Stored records

▬▬▬

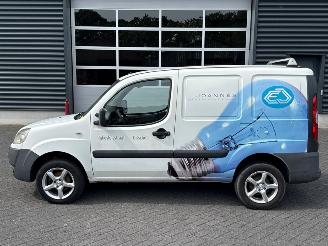 Fiat Doblo 1.3 D 16V Multijet Bestel  Diesel 1.248cc 55kW (75pk) FWD picture 2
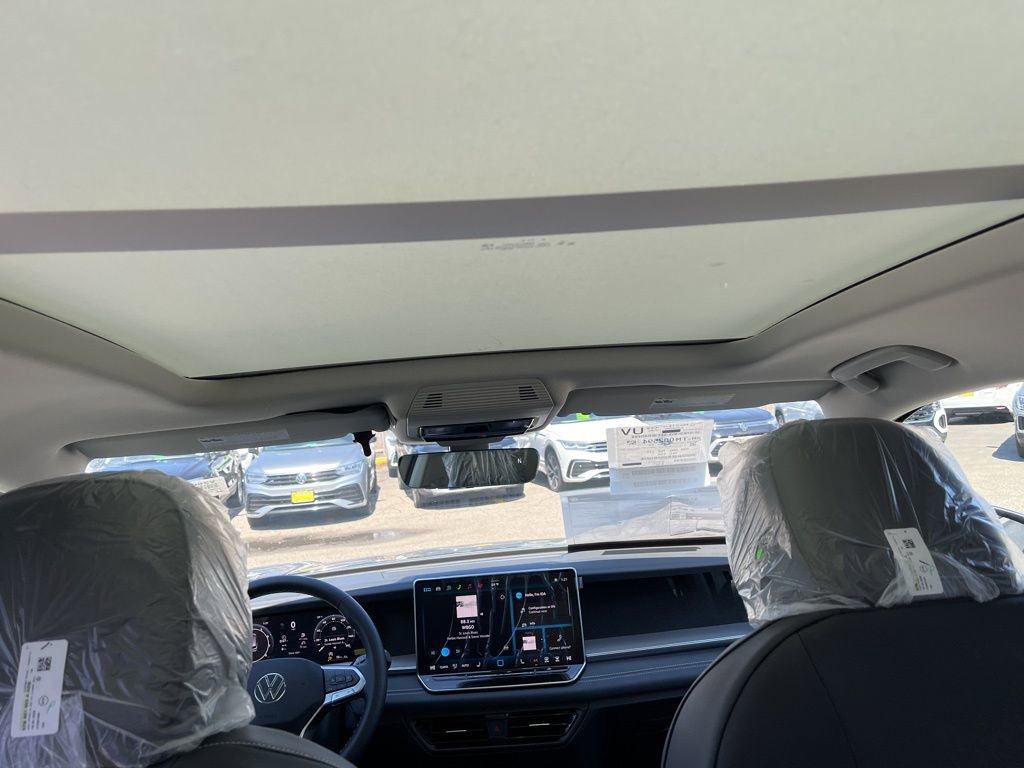 New 2026 Volkswagen Tiguan SE AWD/4WD image 22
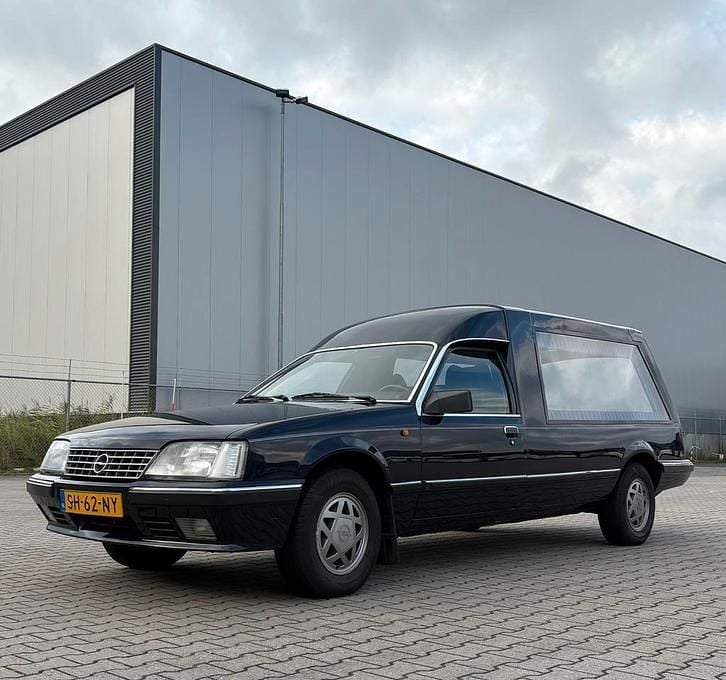 Gebruikt 1987 Opel Senator Sedan | € 5.000 - Afbeelding 1/4
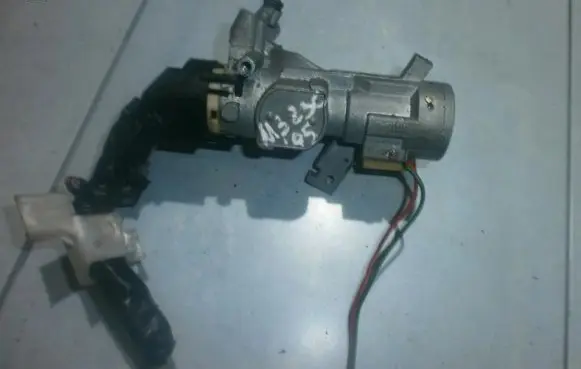Mazda 323 Ignition lock contact 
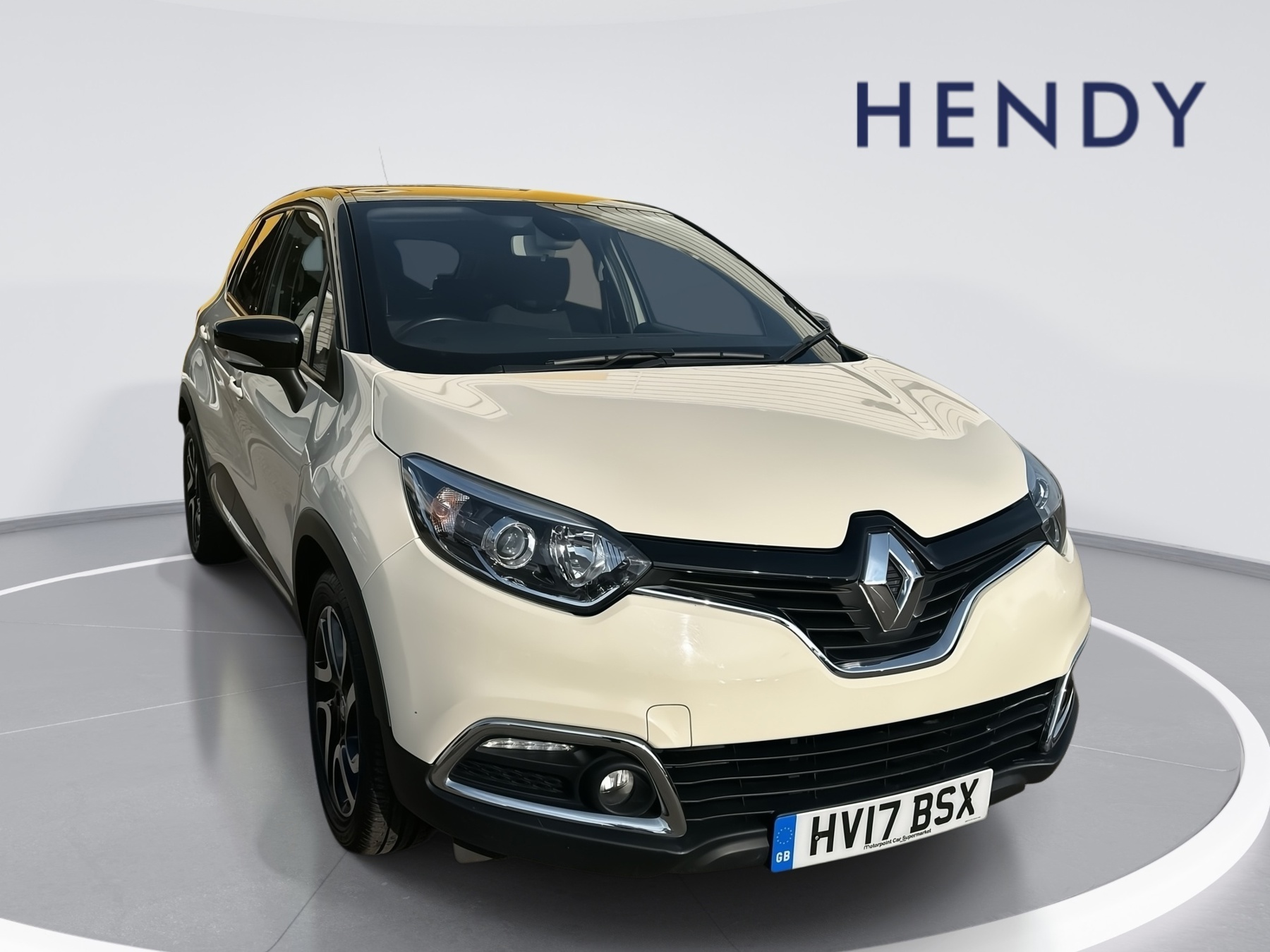 Main listing image - Renault Captur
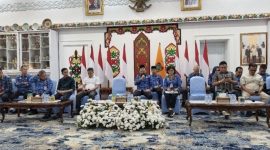 PERTEMUAN : Gubernur Kalteng H. Agustiar Sabran menegaskan komitmen keterbukaan informasi publik melalui penguatan sinergi dengan insan pers dalam pertemuan di Istana Isen Mulang, Palangka Raya, Jumat (17/04/2026).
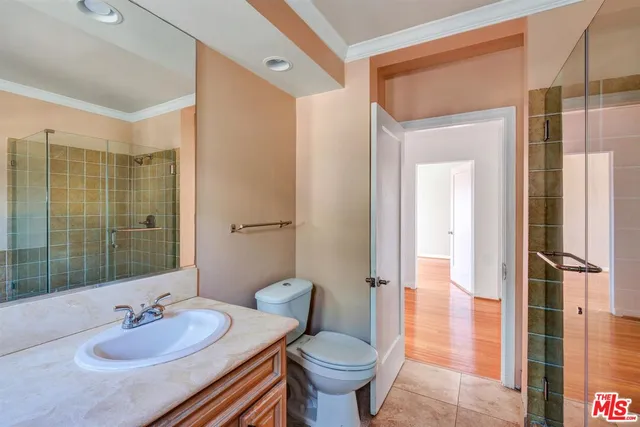 $5,500 | 458 Smithwood Drive, Beverly Hills, CA 90212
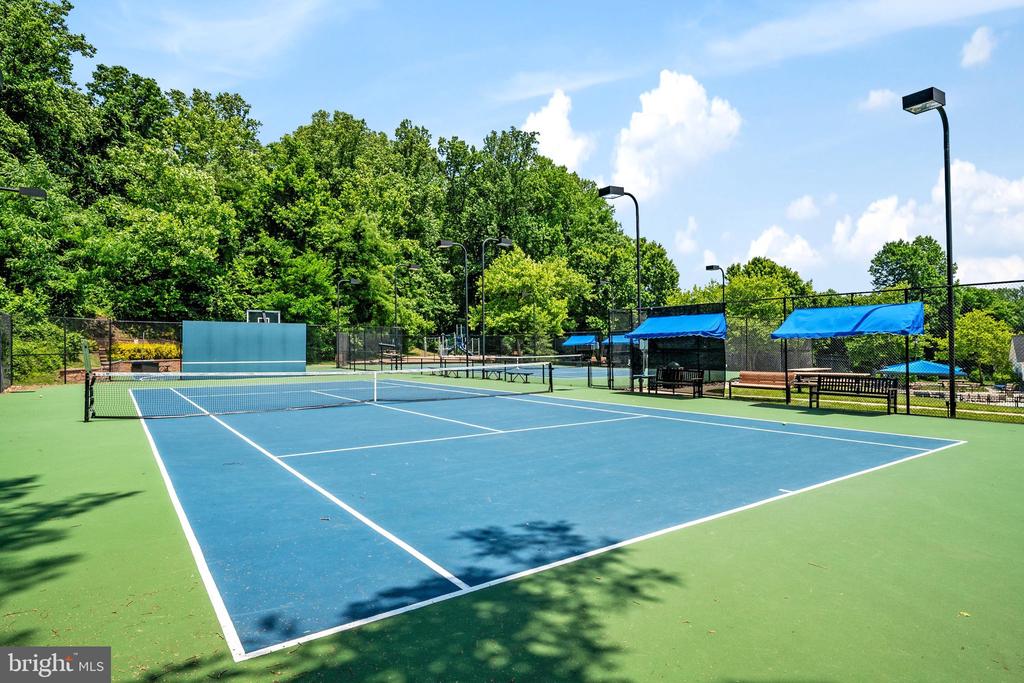 421 HAMLET CLUB DRIVE Unit: 305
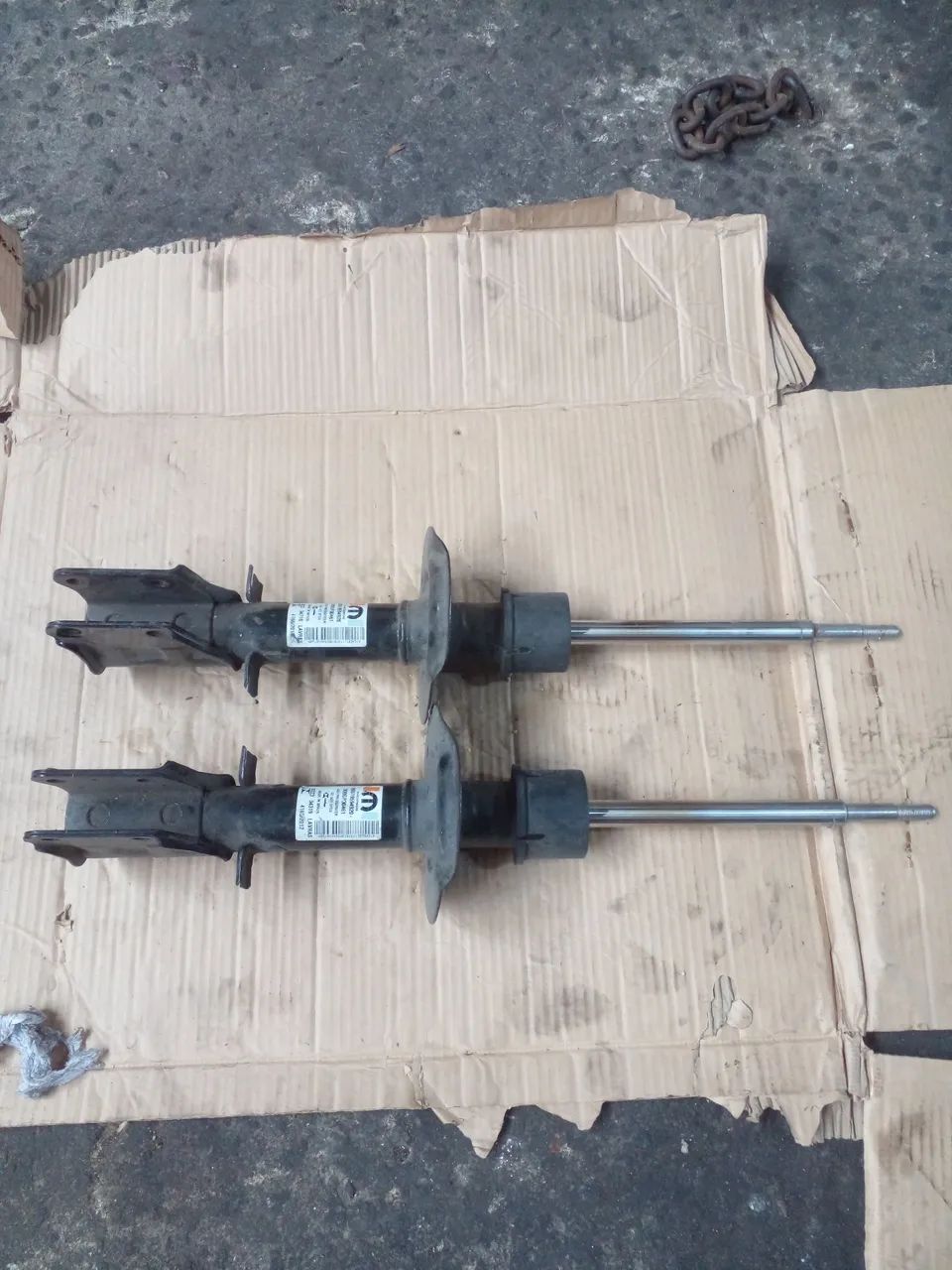 Amortecedores dianteiros pro fiat strada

▬▬▬

## Assigned task:
Leave out the images and copy all remaining data word for word.

## Solution:
 Fiat Doblo 1.3 D 16V Multijet Bestel  Diesel 1.248cc 55kW (75pk) FWD picture 2
 New 2026 Volkswagen Tiguan SE AWD/4WD image 22
 Gebruikt 1987 Opel Senator Sedan | € 5.000 - Afbeelding 1/4
Mazda 323 Ignition lock contact 
 Main listing image - Renault Captur
 PERTEMUAN : Gubernur Kalteng H. Agustiar Sabran menegaskan komitmen keterbukaan informasi publik melalui penguatan sinergi dengan insan pers dalam pertemuan di Istana Isen Mulang, Palangka Raya, Jumat (17/04/2026).
 $5,500 | 458 Smithwood Drive, Beverly Hills, CA 90212
 421 HAMLET CLUB DRIVE Unit: 305
 Amortecedores dianteiros pro fiat strada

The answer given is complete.